Что еще? Хроники литературной жизни провинции — заметки Н. Хаткиной и Э. Петровой о московско-украинском фестивале русской поэзии “Гилея”; ответы на вопросы диакона Андрея Кураева; воспоминания В. Коренди, вдовы И. Северянина; поэтическая рулетка. Несколько демонстративная оригинальность, и очень тщательно проработанная небрежность. Дикое ли это поле, или окультуренный, ухоженный, хорошо охраняемый огород, не так уж и важно. В конечном итоге, это неплохой срез украинской провинциальной культурной среды, которой есть что сказать и которую есть кому услышать.

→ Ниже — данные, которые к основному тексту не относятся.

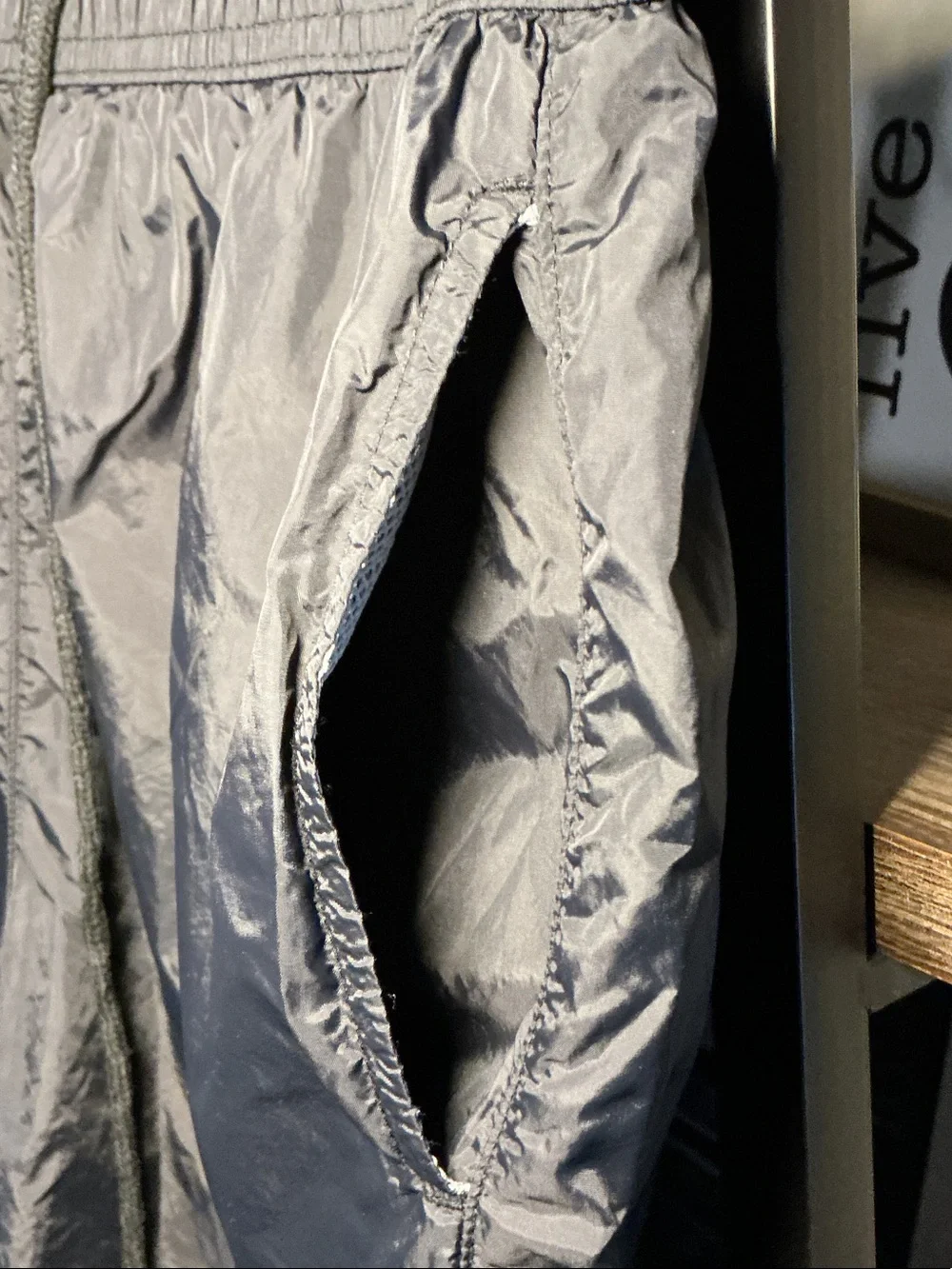 Moncler Black Men's Swim Trunks with Drawstring Waist Size L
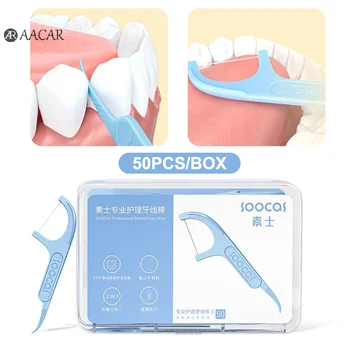 50Pcs/Box Nitke za čiščenje zob Zob Držijo Zob Izbirčen Žice Zobno Ustna Higiena Nega Čiščenje Med Zobmi Interdental Krtačo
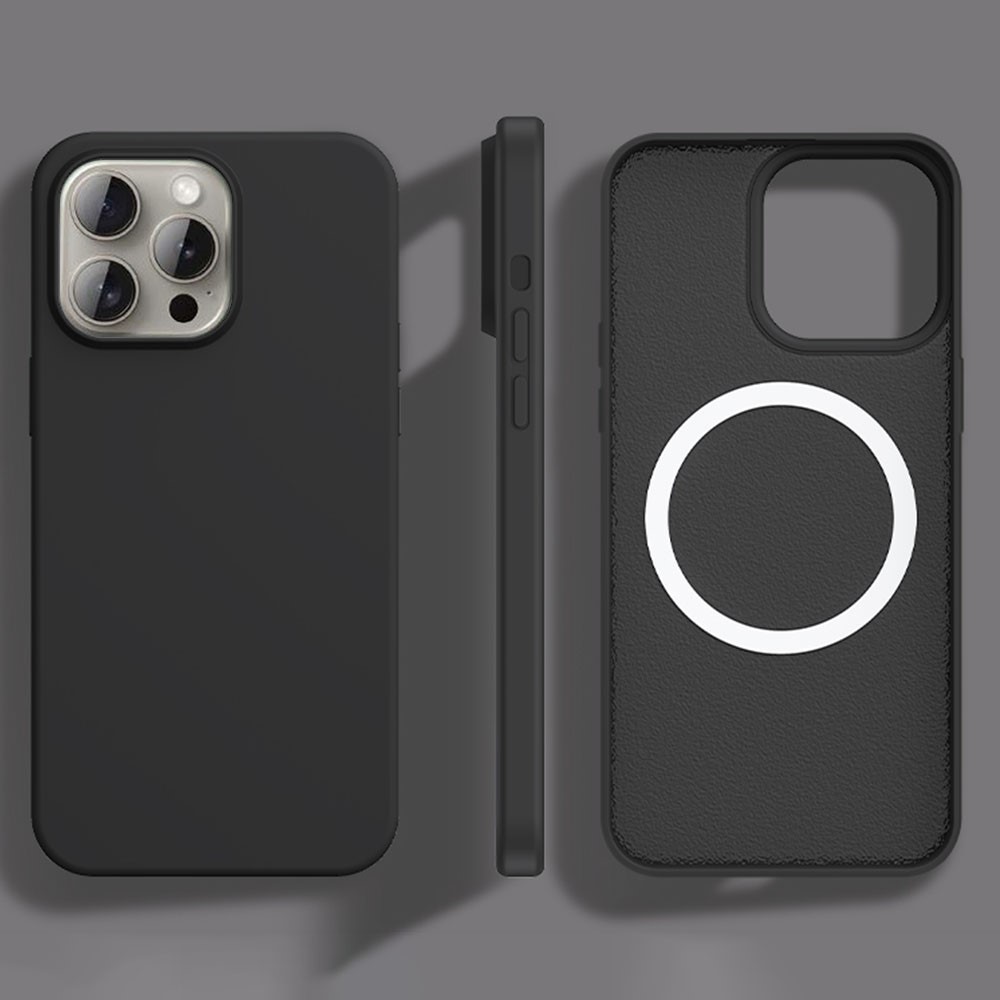 For iPhone 14 Pro Case Compatible with MagSafe Ultra Thin Liquid Silicone + PC Phone Cover - Black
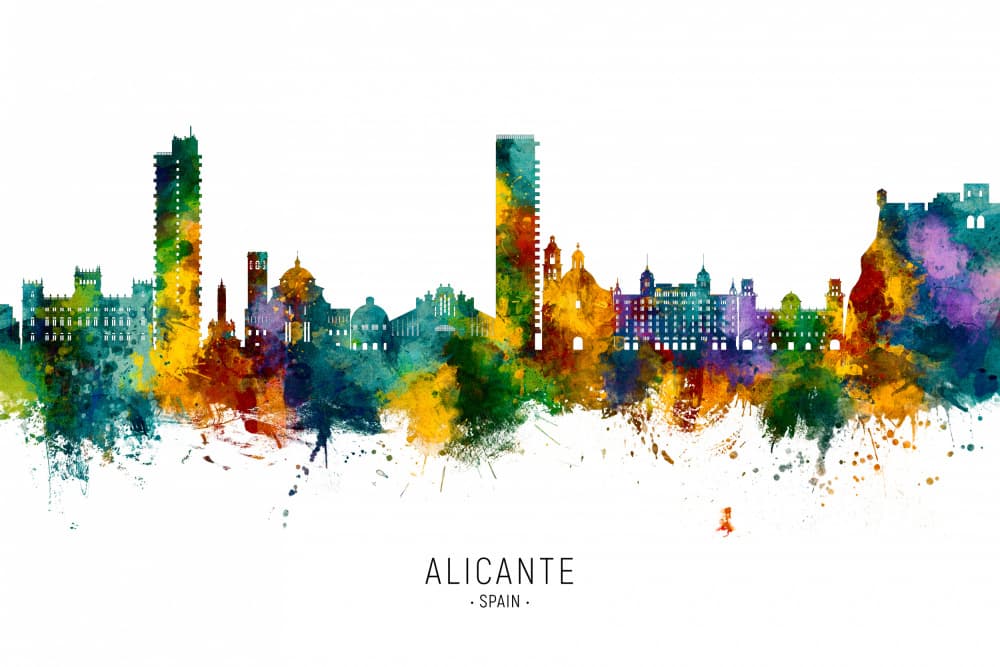 Colorful Alicante Skyline by Michael Tompsett — canvas wall art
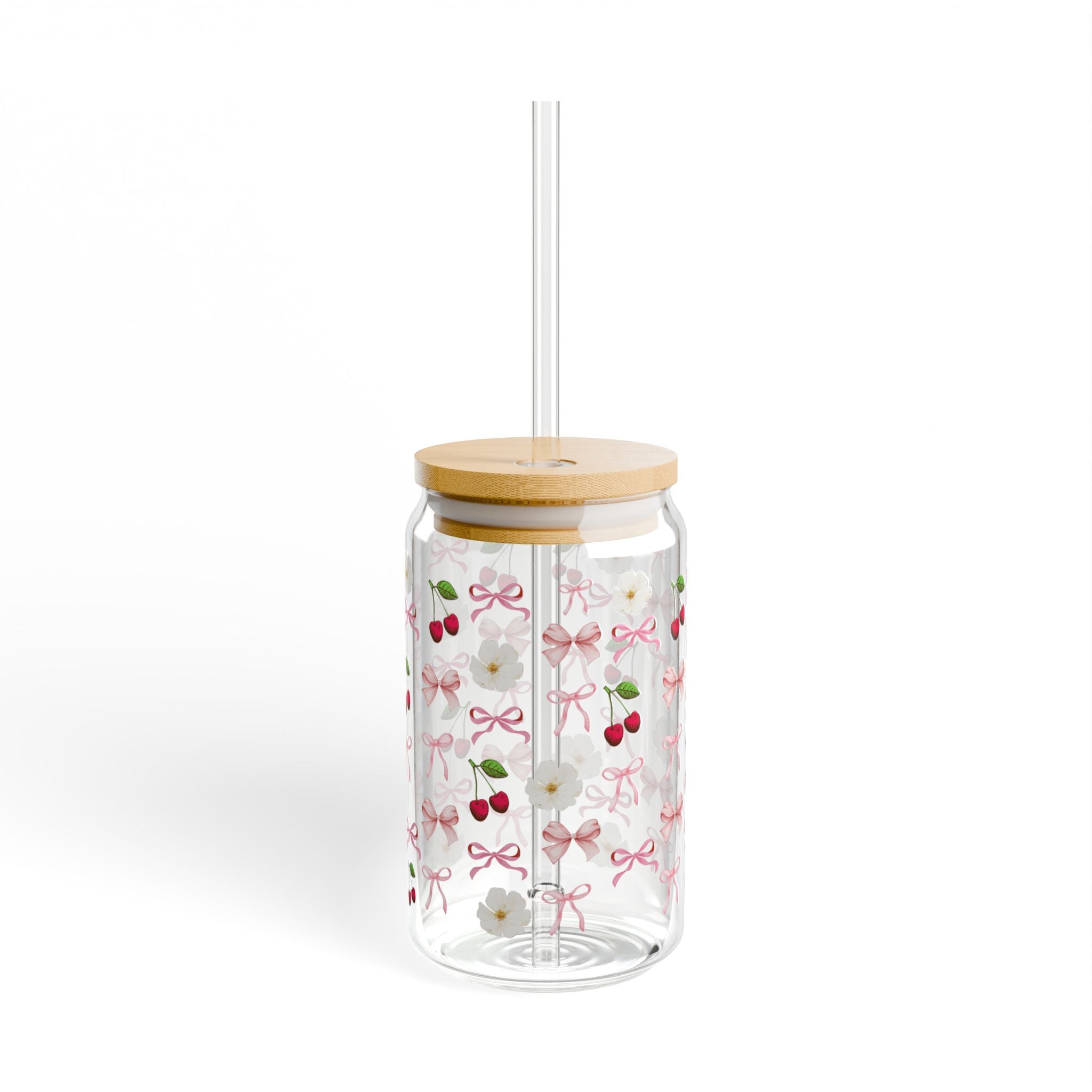 Charming Floral Sipper Glass, 16oz - Cherries & Bows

“А может, и не надо превращать эту степь ни в прерии, ни в саванну, ни в города-небоскребы? Да, нам нужна мировая культура. Но и мы нужны мировой культуре. Ей, умудренной и утонченной, нужна наша первозданная дикость, наша необузданная вольница, наши, в век ракет и компьютеров, стрелы и колчаны. И неважно, куда занесла нас судьба, в какие европы-америки — мы везде находим и узнаем друг друга”.